**What is being asked:** Nothing should differ between your answer and the records.

(Caption-style text data)
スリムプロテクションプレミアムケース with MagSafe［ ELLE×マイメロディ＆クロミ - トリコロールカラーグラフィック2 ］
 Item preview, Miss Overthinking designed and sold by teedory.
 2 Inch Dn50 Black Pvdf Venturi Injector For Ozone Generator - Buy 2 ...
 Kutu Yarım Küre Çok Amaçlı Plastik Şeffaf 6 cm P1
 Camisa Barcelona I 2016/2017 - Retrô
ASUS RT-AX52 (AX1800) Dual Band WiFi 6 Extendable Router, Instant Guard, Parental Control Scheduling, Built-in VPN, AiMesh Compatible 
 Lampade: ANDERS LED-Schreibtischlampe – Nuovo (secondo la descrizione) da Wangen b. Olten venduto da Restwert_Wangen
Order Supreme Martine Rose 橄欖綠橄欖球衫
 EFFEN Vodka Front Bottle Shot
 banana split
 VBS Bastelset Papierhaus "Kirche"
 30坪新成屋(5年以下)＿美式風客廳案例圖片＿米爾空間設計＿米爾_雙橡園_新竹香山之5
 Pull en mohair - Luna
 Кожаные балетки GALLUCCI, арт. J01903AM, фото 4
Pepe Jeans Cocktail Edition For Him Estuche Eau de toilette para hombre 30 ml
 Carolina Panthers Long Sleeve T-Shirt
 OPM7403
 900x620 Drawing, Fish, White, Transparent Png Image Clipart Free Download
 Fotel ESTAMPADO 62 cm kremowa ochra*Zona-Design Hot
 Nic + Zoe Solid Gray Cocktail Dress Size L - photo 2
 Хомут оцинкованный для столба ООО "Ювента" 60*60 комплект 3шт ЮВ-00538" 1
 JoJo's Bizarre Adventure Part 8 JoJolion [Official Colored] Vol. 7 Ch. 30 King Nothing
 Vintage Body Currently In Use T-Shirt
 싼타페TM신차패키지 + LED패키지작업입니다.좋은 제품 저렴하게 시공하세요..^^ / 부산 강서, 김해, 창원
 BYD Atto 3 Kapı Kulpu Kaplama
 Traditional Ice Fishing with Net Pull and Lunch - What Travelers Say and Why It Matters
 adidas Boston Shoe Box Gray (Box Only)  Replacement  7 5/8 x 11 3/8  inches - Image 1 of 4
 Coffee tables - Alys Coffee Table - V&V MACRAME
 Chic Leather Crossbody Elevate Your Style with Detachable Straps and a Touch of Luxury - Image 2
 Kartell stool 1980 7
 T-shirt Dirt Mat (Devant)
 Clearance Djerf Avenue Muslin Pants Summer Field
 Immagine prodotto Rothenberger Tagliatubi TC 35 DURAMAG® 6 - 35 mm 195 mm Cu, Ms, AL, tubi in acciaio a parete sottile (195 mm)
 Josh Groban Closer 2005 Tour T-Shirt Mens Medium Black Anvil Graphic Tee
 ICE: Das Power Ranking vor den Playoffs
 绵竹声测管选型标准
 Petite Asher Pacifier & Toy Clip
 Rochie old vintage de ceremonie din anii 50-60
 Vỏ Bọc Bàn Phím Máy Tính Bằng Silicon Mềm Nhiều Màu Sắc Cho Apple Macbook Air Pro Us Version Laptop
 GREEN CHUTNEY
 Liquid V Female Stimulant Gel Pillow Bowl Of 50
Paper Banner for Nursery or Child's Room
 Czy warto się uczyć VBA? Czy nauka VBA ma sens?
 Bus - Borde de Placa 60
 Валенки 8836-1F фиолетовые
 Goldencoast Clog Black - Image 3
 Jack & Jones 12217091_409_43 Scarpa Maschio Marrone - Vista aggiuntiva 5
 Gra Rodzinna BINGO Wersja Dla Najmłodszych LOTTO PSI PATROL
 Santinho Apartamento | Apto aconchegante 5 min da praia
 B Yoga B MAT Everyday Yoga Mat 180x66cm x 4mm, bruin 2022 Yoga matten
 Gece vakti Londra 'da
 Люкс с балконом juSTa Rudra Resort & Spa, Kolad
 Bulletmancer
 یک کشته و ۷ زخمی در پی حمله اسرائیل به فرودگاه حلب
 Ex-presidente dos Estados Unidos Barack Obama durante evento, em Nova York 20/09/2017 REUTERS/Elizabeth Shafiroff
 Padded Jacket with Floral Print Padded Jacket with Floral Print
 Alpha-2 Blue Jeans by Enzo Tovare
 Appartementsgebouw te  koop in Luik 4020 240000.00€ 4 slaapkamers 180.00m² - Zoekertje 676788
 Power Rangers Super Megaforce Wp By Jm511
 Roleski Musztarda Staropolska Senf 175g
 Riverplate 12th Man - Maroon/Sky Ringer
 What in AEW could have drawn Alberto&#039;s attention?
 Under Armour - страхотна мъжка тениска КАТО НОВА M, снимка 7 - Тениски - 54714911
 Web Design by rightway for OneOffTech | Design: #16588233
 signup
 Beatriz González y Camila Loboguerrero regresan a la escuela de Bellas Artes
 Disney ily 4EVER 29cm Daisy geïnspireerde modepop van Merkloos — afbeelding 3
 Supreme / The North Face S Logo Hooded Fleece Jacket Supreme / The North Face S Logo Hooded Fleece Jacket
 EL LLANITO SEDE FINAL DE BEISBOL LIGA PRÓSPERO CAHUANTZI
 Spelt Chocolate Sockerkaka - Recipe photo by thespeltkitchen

**Answer:**
スリムプロテクションプレミアムケース with MagSafe［ ELLE×マイメロディ＆クロミ - トリコロールカラーグラフィック2 ］
 Item preview, Miss Overthinking designed and sold by teedory.
 2 Inch Dn50 Black Pvdf Venturi Injector For Ozone Generator - Buy 2 ...
 Kutu Yarım Küre Çok Amaçlı Plastik Şeffaf 6 cm P1
 Camisa Barcelona I 2016/2017 - Retrô
ASUS RT-AX52 (AX1800) Dual Band WiFi 6 Extendable Router, Instant Guard, Parental Control Scheduling, Built-in VPN, AiMesh Compatible 
 Lampade: ANDERS LED-Schreibtischlampe – Nuovo (secondo la descrizione) da Wangen b. Olten venduto da Restwert_Wangen
Order Supreme Martine Rose 橄欖綠橄欖球衫
 EFFEN Vodka Front Bottle Shot
 banana split
 VBS Bastelset Papierhaus "Kirche"
 30坪新成屋(5年以下)＿美式風客廳案例圖片＿米爾空間設計＿米爾_雙橡園_新竹香山之5
 Pull en mohair - Luna
 Кожаные балетки GALLUCCI, арт. J01903AM, фото 4
Pepe Jeans Cocktail Edition For Him Estuche Eau de toilette para hombre 30 ml
 Carolina Panthers Long Sleeve T-Shirt
 OPM7403
 900x620 Drawing, Fish, White, Transparent Png Image Clipart Free Download
 Fotel ESTAMPADO 62 cm kremowa ochra*Zona-Design Hot
 Nic + Zoe Solid Gray Cocktail Dress Size L - photo 2
 Хомут оцинкованный для столба ООО "Ювента" 60*60 комплект 3шт ЮВ-00538" 1
 JoJo's Bizarre Adventure Part 8 JoJolion [Official Colored] Vol. 7 Ch. 30 King Nothing
 Vintage Body Currently In Use T-Shirt
 싼타페TM신차패키지 + LED패키지작업입니다.좋은 제품 저렴하게 시공하세요..^^ / 부산 강서, 김해, 창원
 BYD Atto 3 Kapı Kulpu Kaplama
 Traditional Ice Fishing with Net Pull and Lunch - What Travelers Say and Why It Matters
 adidas Boston Shoe Box Gray (Box Only)  Replacement  7 5/8 x 11 3/8  inches - Image 1 of 4
 Coffee tables - Alys Coffee Table - V&V MACRAME
 Chic Leather Crossbody Elevate Your Style with Detachable Straps and a Touch of Luxury - Image 2
 Kartell stool 1980 7
 T-shirt Dirt Mat (Devant)
 Clearance Djerf Avenue Muslin Pants Summer Field
 Immagine prodotto Rothenberger Tagliatubi TC 35 DURAMAG® 6 - 35 mm 195 mm Cu, Ms, AL, tubi in acciaio a parete sottile (195 mm)
 Josh Groban Closer 2005 Tour T-Shirt Mens Medium Black Anvil Graphic Tee
 ICE: Das Power Ranking vor den Playoffs
 绵竹声测管选型标准
 Petite Asher Pacifier & Toy Clip
 Rochie old vintage de ceremonie din anii 50-60
 Vỏ Bọc Bàn Phím Máy Tính Bằng Silicon Mềm Nhiều Màu Sắc Cho Apple Macbook Air Pro Us Version Laptop
 GREEN CHUTNEY
 Liquid V Female Stimulant Gel Pillow Bowl Of 50
Paper Banner for Nursery or Child's Room
 Czy warto się uczyć VBA? Czy nauka VBA ma sens?
 Bus - Borde de Placa 60
 Валенки 8836-1F фиолетовые
 Goldencoast Clog Black - Image 3
 Jack & Jones 12217091_409_43 Scarpa Maschio Marrone - Vista aggiuntiva 5
 Gra Rodzinna BINGO Wersja Dla Najmłodszych LOTTO PSI PATROL
 Santinho Apartamento | Apto aconchegante 5 min da praia
 B Yoga B MAT Everyday Yoga Mat 180x66cm x 4mm, bruin 2022 Yoga matten
 Gece vakti Londra 'da
 Люкс с балконом juSTa Rudra Resort & Spa, Kolad
 Bulletmancer
 یک کشته و ۷ زخمی در پی حمله اسرائیل به فرودگاه حلب
 Ex-presidente dos Estados Unidos Barack Obama durante evento, em Nova York 20/09/2017 REUTERS/Elizabeth Shafiroff
 Padded Jacket with Floral Print Padded Jacket with Floral Print
 Alpha-2 Blue Jeans by Enzo Tovare
 Appartementsgebouw te  koop in Luik 4020 240000.00€ 4 slaapkamers 180.00m² - Zoekertje 676788
 Power Rangers Super Megaforce Wp By Jm511
 Roleski Musztarda Staropolska Senf 175g
 Riverplate 12th Man - Maroon/Sky Ringer
 What in AEW could have drawn Alberto&#039;s attention?
 Under Armour - страхотна мъжка тениска КАТО НОВА M, снимка 7 - Тениски - 54714911
 Web Design by rightway for OneOffTech | Design: #16588233
 signup
 Beatriz González y Camila Loboguerrero regresan a la escuela de Bellas Artes
 Disney ily 4EVER 29cm Daisy geïnspireerde modepop van Merkloos — afbeelding 3
 Supreme / The North Face S Logo Hooded Fleece Jacket Supreme / The North Face S Logo Hooded Fleece Jacket
 EL LLANITO SEDE FINAL DE BEISBOL LIGA PRÓSPERO CAHUANTZI
 Spelt Chocolate Sockerkaka - Recipe photo by thespeltkitchen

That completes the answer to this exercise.